EXERCISE: Copy the data exactly. Images are the one exception.

[Short descriptive text snippets]
----

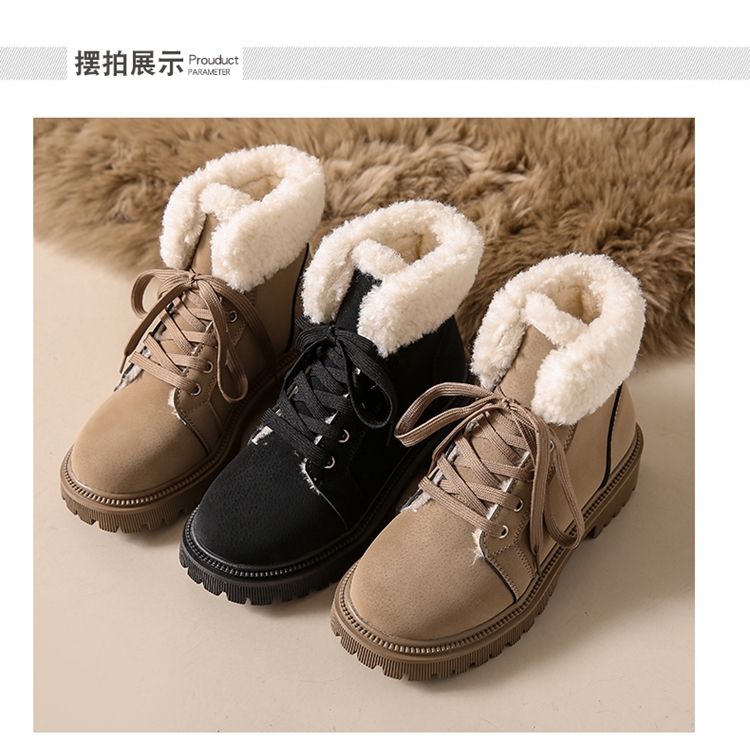 道盛-2399【冷粘轻质】雪地靴加绒保暖女鞋马丁靴 货足主推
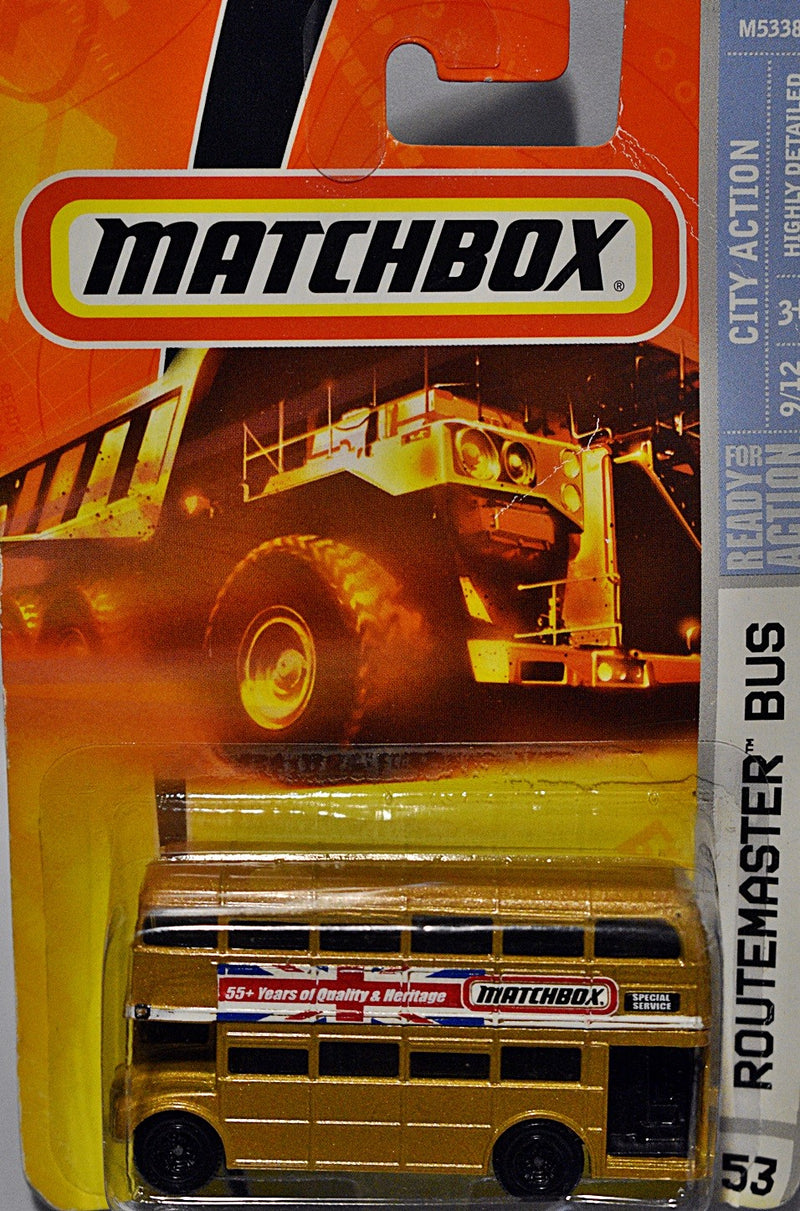 Matchbox Routemaster London Bus with Matchbox Advertising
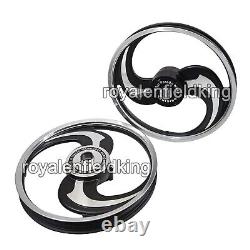 For Royal Enfield Classic 350 500 Front & Rear 2 Spoke Parado Alloy Wheel Rims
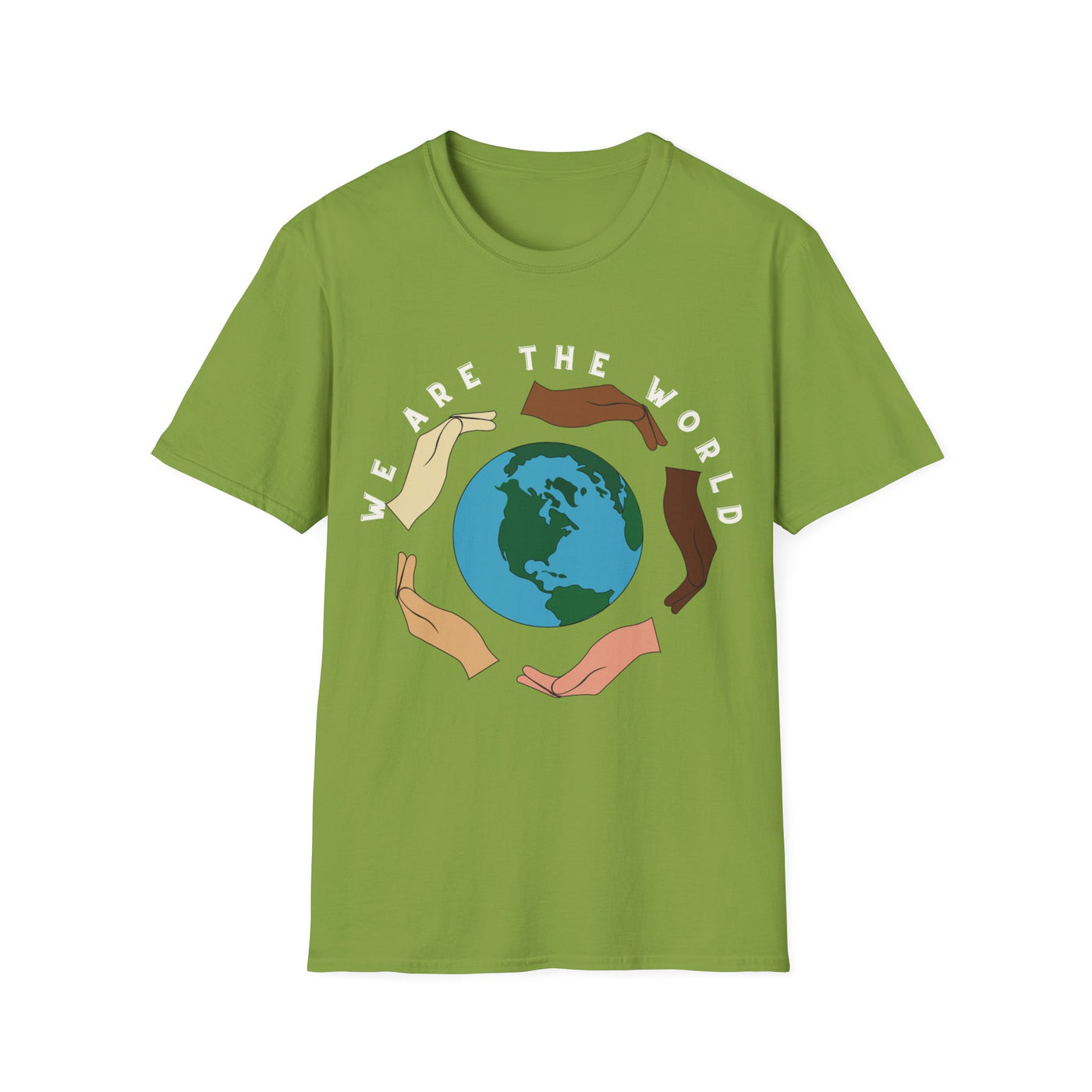 Global Unity 'We Are the World' - Solidarity T-Shirt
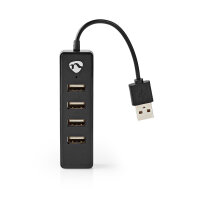 USB Hub für PC Laptop Notebook Adapter auf 4x USB 2.0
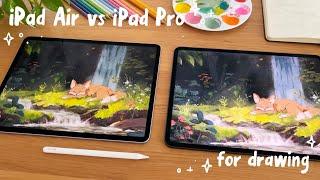  NEW iPad Air vs iPad Pro for Drawing, PROCREATE and Artists - Which Should You Choose?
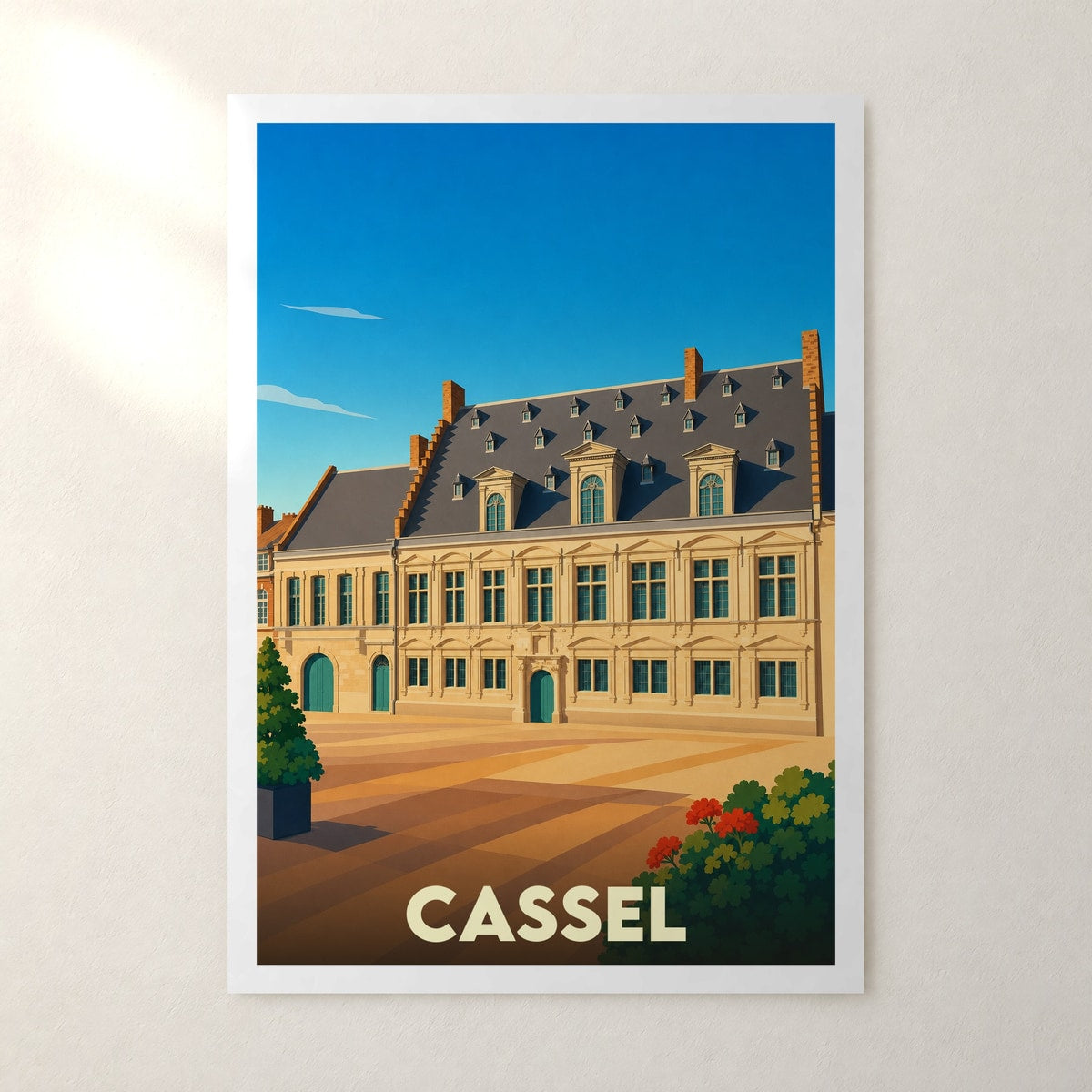 Affiche Cassel – sans cadre, accrochée au mur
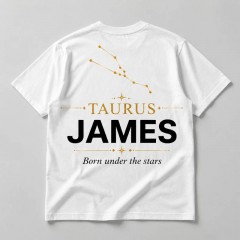 Personalized Taurus Zodiac T-Shirt, Custom Constellation Name, Zodiac Gift | Trinmama
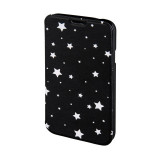 Husa Booklet Lumi Stars Samsung Galaxy S5, Negru/Alb, Cu clapeta, Vinyl, Hama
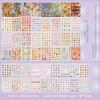 50 Sheets Per Pack Coil Stickers Thousand Flavors Thousand Journeys Series Korean-style Material DIY Scrapbooking Decorations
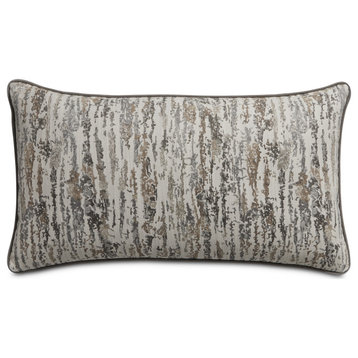 Moonbeam Keller 13" x 24" Oblong Pillow Driftwood Gray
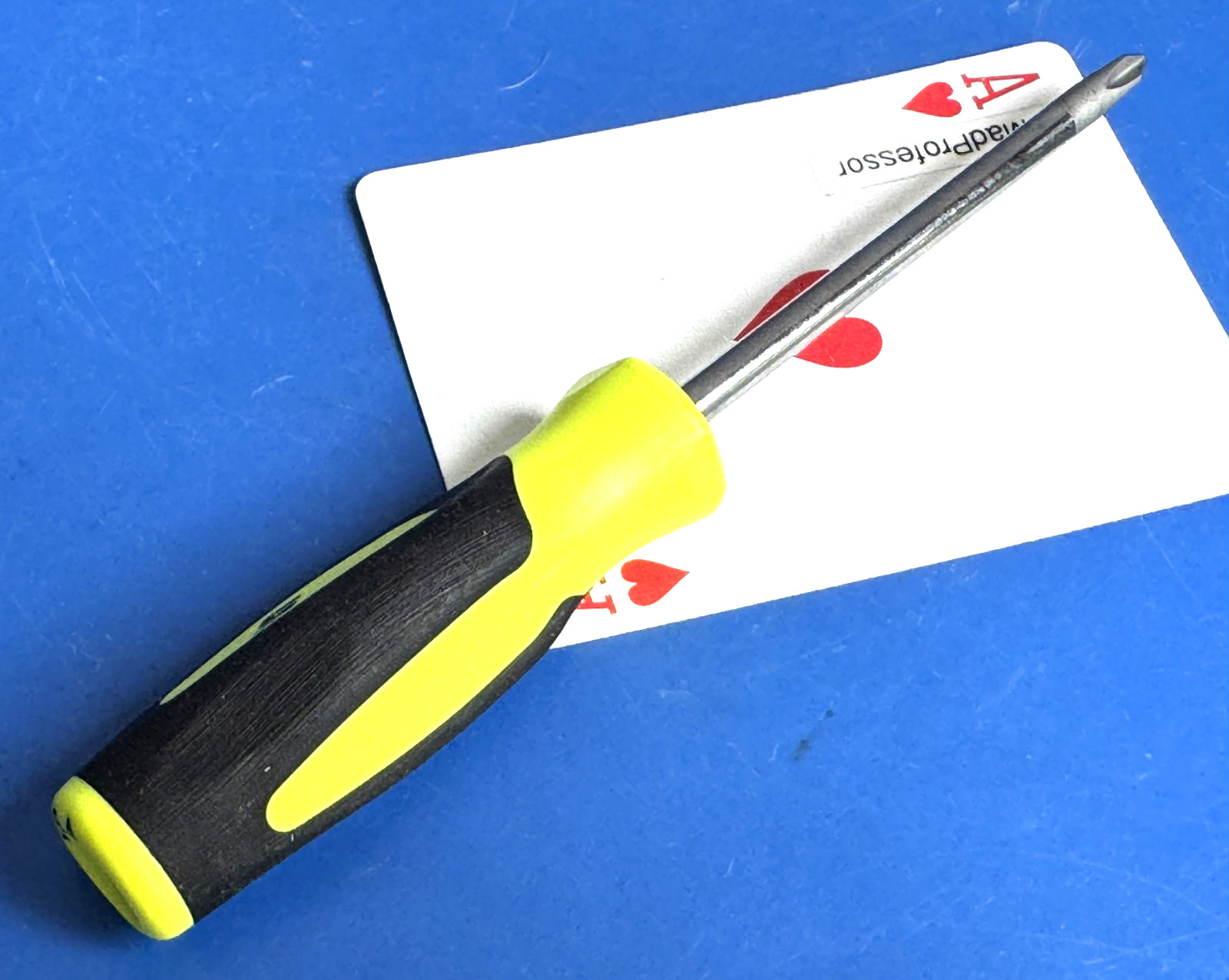 Snap-on Instinct Hi Viz Soft Grip Mini-Tip #1 Phillips Screwdriver SGDP301B NEW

----

RESPONSE TO THE EXERCISE:
 道盛-2399【冷粘轻质】雪地靴加绒保暖女鞋马丁靴 货足主推
 Matchbox Routemaster London Bus with Matchbox Advertising
 For Royal Enfield Classic 350 500 Front & Rear 2 Spoke Parado Alloy Wheel Rims
 Global Unity 'We Are the World' - Solidarity T-Shirt
 USB Hub für PC Laptop Notebook Adapter auf 4x USB 2.0
  NEW iPad Air vs iPad Pro for Drawing, PROCREATE and Artists - Which Should You Choose?
 Affiche Cassel – sans cadre, accrochée au mur
 Personalized Taurus Zodiac T-Shirt, Custom Constellation Name, Zodiac Gift | Trinmama
 Husa Booklet Lumi Stars Samsung Galaxy S5, Negru/Alb, Cu clapeta, Vinyl, Hama
 50 Sheets Per Pack Coil Stickers Thousand Flavors Thousand Journeys Series Korean-style Material DIY Scrapbooking Decorations
 Moonbeam Keller 13" x 24" Oblong Pillow Driftwood Gray
 Snap-on Instinct Hi Viz Soft Grip Mini-Tip #1 Phillips Screwdriver SGDP301B NEW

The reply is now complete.